The legend of Armenian cinematography Artavazd Peleshyan

19. 10. 2015 / AUTHOR: Martin Čihák

Artavazd Peleshyan tends to be “appropriated” by documentarians, who call his films poetic documentary essays, and by avant-gardists, who appreciate his work with found-footage but who often overlook the fact that Peleshyan does not work with “found” footage – he works with consciously sought-out footage. The truth is somewhere between these two extremes (i.e., between Peleshyan as poetic documentarian and Peleshyan as experimental filmmaker), for his work is of an entirely different order. It exists outside of all categories without, however, having to reject them. The level of Peleshyan’s immersion into the cinematic universe involves a certain expressive asceticism. He works predominantly with a black-and-white tonality and does not use synchronous interviews or commentary. But precisely through this conscious rejection of the spoken word, he can bring us closer to the λόγος (logos) of film.

Artavazd Ashoti Peleshyan was born on 22 February 1938 in the Armenian town of Gyumri. While studying at VGIK (1964–1968), he garnered attention with his film The Beginning (1967), in which he used archival footage to explore the possibilities of film editing as a source of a new illusive movement. These elemental movements symbolize the revolutionary changes in society begun by the October Revolution.

His next film was We (1968), a monumentally intimate portrait of the Armenian nation that made Peleshyan a household name in the West after it won the main prize at the 1970 Oberhausen festival. Of his film Inhabitants (1970) Peleshyan says: “The main principle behind Inhabitants is the idea of a humane relationship with nature and the animal world: ‘Mankind, stop and look around. What have you come to?’ It is about mankind’s assault on nature and the emerging danger of disrupting natural harmony.”

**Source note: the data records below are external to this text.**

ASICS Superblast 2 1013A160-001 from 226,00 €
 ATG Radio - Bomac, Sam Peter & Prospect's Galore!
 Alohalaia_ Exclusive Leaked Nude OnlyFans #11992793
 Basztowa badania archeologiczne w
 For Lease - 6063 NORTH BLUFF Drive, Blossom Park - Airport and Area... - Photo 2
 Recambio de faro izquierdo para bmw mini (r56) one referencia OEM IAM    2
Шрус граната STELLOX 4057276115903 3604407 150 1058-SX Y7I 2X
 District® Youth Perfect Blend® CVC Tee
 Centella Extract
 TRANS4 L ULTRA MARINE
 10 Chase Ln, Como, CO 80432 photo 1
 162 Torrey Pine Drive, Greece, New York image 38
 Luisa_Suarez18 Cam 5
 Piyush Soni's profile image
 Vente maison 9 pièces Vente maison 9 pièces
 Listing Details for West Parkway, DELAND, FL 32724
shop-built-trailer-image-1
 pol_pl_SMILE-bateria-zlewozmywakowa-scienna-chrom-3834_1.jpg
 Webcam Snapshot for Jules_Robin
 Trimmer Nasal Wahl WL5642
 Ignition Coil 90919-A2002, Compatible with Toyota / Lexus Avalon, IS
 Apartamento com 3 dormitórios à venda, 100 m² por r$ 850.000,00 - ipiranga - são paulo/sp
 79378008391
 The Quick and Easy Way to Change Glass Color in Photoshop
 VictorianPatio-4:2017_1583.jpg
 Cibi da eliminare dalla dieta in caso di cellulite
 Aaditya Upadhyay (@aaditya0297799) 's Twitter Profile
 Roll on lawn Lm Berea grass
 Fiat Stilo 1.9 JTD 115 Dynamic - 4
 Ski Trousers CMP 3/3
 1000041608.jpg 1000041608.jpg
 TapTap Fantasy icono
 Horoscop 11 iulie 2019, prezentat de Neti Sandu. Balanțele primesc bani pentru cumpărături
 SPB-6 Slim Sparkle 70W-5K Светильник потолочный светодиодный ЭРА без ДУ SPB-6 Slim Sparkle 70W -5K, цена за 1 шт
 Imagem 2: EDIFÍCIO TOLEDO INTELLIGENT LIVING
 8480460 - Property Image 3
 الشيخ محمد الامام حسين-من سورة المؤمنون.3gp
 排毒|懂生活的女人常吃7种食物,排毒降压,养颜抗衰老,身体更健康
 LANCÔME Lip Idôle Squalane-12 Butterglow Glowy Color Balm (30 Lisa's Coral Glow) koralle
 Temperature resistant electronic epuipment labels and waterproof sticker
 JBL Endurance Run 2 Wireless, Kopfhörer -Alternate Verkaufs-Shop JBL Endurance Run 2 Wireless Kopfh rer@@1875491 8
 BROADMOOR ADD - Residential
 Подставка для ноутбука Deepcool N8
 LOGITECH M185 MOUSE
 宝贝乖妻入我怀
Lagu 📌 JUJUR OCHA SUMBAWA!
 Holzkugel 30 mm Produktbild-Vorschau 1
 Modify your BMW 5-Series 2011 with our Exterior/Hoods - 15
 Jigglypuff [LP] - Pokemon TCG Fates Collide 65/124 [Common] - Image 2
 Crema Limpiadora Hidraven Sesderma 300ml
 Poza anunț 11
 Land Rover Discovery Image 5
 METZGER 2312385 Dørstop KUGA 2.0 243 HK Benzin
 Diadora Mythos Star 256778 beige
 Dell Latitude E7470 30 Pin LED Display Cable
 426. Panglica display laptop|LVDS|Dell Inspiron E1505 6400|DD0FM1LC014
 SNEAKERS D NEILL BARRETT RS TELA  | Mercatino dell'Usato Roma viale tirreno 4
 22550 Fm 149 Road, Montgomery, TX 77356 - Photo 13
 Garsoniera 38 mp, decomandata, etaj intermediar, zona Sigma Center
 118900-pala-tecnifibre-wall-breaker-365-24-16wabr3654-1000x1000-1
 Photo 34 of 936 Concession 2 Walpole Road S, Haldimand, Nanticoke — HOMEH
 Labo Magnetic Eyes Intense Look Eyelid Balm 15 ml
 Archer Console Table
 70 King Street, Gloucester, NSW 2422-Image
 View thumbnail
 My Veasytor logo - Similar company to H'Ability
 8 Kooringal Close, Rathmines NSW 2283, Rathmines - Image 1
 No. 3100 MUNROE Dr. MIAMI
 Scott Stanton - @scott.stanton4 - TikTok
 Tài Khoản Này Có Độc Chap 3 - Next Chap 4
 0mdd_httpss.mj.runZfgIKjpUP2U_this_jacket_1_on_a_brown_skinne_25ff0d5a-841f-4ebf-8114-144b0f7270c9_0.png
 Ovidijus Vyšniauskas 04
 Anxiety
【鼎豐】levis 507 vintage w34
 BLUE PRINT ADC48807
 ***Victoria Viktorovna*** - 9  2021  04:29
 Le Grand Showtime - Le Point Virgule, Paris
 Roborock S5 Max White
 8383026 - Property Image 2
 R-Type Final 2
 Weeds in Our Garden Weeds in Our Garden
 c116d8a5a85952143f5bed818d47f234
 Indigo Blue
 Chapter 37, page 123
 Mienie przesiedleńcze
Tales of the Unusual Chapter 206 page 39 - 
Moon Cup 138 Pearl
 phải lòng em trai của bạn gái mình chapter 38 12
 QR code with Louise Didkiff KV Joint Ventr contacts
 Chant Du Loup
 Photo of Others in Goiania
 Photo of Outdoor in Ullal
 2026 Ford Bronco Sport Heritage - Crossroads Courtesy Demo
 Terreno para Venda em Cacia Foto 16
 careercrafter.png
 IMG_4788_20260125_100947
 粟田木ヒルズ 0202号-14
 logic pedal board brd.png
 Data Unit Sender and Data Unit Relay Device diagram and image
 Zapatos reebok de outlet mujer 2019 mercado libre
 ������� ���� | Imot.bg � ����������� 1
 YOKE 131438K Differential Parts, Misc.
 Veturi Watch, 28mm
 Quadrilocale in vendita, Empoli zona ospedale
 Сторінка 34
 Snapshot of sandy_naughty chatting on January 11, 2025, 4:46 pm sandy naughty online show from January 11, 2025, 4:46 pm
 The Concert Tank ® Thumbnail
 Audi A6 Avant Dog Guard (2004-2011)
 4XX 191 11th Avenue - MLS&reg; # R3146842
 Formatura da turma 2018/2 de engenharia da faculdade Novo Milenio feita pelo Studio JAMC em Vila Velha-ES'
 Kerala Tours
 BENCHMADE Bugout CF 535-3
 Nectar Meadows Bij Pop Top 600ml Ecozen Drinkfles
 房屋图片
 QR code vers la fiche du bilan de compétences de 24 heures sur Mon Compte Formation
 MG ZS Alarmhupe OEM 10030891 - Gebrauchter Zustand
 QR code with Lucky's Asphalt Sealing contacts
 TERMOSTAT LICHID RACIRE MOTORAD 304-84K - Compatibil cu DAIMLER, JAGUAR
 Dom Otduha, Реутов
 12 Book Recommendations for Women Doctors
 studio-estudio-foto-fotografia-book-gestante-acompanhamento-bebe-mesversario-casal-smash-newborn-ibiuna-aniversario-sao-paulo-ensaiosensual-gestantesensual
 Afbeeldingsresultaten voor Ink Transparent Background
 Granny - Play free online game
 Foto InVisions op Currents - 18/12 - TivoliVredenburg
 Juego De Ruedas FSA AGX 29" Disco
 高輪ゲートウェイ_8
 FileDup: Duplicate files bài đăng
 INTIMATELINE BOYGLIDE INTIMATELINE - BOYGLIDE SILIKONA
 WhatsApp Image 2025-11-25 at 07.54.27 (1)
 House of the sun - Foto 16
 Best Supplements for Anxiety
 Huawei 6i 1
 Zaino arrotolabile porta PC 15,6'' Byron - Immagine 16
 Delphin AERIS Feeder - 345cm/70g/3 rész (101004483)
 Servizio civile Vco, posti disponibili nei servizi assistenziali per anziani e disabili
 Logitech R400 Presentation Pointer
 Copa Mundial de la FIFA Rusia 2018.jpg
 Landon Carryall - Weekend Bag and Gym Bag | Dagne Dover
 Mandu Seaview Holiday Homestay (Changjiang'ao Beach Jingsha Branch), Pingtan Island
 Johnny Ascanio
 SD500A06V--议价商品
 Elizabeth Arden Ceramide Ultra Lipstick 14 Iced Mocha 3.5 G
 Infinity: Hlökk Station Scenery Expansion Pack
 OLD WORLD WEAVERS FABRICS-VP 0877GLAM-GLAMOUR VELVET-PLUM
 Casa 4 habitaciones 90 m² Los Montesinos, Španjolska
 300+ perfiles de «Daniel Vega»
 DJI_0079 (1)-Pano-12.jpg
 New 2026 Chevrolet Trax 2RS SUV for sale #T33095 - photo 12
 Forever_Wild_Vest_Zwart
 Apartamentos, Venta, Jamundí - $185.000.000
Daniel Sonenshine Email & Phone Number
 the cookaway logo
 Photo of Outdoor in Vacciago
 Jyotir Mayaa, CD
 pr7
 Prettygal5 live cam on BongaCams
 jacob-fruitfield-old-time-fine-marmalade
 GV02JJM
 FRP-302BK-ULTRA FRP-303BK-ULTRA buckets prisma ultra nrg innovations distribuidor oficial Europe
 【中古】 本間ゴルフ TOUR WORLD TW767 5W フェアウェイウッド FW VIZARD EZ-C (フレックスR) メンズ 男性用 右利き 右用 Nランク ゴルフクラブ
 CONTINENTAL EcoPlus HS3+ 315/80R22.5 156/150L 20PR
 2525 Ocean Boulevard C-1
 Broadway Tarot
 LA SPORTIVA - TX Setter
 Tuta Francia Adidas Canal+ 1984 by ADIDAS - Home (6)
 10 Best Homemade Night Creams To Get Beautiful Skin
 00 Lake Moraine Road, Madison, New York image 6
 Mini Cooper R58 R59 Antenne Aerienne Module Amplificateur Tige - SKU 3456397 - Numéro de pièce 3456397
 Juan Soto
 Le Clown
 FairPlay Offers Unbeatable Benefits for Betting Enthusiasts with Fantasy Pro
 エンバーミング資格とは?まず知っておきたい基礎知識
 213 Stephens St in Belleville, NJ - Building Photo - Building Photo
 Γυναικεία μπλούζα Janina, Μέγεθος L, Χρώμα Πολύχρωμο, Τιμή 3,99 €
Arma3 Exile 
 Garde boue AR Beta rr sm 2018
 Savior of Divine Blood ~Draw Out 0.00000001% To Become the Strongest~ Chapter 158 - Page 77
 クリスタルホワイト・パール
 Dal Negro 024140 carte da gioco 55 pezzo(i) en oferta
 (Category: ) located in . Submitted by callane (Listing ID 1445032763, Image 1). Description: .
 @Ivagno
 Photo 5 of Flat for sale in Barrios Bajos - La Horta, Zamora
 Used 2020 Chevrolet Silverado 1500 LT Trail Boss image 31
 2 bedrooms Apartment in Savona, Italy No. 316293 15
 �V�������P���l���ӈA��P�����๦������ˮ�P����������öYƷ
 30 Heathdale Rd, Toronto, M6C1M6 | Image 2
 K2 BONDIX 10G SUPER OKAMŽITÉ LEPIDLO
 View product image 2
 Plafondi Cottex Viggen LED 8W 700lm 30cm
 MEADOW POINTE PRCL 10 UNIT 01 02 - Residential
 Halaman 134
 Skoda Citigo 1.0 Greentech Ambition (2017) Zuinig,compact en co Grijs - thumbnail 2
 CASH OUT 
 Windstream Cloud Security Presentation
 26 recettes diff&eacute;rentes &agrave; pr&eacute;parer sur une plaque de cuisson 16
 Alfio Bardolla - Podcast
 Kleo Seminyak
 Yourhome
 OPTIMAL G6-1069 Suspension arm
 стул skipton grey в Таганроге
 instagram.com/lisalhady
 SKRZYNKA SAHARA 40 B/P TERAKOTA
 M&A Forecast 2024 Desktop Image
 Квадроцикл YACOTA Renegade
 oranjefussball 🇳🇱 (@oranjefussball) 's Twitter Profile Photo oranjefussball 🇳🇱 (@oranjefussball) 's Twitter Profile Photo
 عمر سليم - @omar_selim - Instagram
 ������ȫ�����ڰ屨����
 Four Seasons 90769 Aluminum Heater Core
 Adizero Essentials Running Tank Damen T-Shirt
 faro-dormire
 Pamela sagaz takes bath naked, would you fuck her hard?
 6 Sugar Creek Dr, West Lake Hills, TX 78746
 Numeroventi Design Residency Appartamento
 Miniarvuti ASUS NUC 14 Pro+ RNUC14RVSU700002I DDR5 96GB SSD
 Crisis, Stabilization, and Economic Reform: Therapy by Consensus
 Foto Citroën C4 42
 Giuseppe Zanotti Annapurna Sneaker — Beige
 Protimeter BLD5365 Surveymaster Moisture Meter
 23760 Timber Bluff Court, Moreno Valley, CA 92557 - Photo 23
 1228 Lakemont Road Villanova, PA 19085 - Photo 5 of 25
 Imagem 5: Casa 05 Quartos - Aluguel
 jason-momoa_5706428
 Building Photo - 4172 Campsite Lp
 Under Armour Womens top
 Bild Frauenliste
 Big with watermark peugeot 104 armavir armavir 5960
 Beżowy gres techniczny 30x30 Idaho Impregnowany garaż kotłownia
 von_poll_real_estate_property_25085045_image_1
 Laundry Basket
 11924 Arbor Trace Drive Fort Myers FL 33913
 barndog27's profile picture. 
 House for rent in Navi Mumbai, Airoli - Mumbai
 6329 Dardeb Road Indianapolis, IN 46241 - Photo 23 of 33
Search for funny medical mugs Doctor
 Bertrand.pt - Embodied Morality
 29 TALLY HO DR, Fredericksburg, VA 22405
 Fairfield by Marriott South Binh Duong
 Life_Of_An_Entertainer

In Seasons (1975) and Our Century (1983), the central theme is the struggle against gravity – either the predominance of braking movements as in shepherd society, or the accelerative movements in the images of the “distant” society of the conquerors of air and space. In both cases, this vertical line (and it does not matter in which direction its vector is oriented) clashes with the horizontal. At their intersection, we hear the beating of a human heart, followed nearly ten years later by the rhythmic rumbling of the train in The End (1992). Here, Peleshyan reaches the very limits of the cinematic universe in a manner similar to Peter Kubelka, although each of them explores these limits using different gloves. Where Kubelka prefers the graphic-tonal nature of the image over its traditional functional semantics because he views film primarily as material through which to express rhythmic structure, for Peleshyan meter and tempo-rhythm are things that can express the inner value of a shot – though only if their local structure shows a similarity between the character and the whole.

According to Peleshyan, “the method and system of distance montage does not reject the known montage techniques described in part by Eisenstein and Vertov. The distance effect merely reduces these methods’ ‘radius of influence’ and fills it with a reduced, limited function.” The potential energy that the system receives through this distancing of shots (“self-distancing” would be a better way of putting it) is capable of doing work, and thus keeps together the entire film’s structure while also shaping the other shots. This is not done sequentially, but is continually present throughout the entire film. A related feature is the nature of time that we encounter in Peleshyan’s films. Most cinema is chronic – it works with time only in the sense of its quantitative flowing – i.e., as χρόνος (chronos) – even if it makes time shorter or jumbles it around. Peleshyan’s films are kairic; their basic “measure” is time in the sense of καιρός (kairos) – it works with opportune time, time in its qualitative meaning. And it is precisely this time that creates the space in which the shot’s traditional field sizes (close-up, medium shot, full shot, long shot, etc.) can undergo a semantic renaming.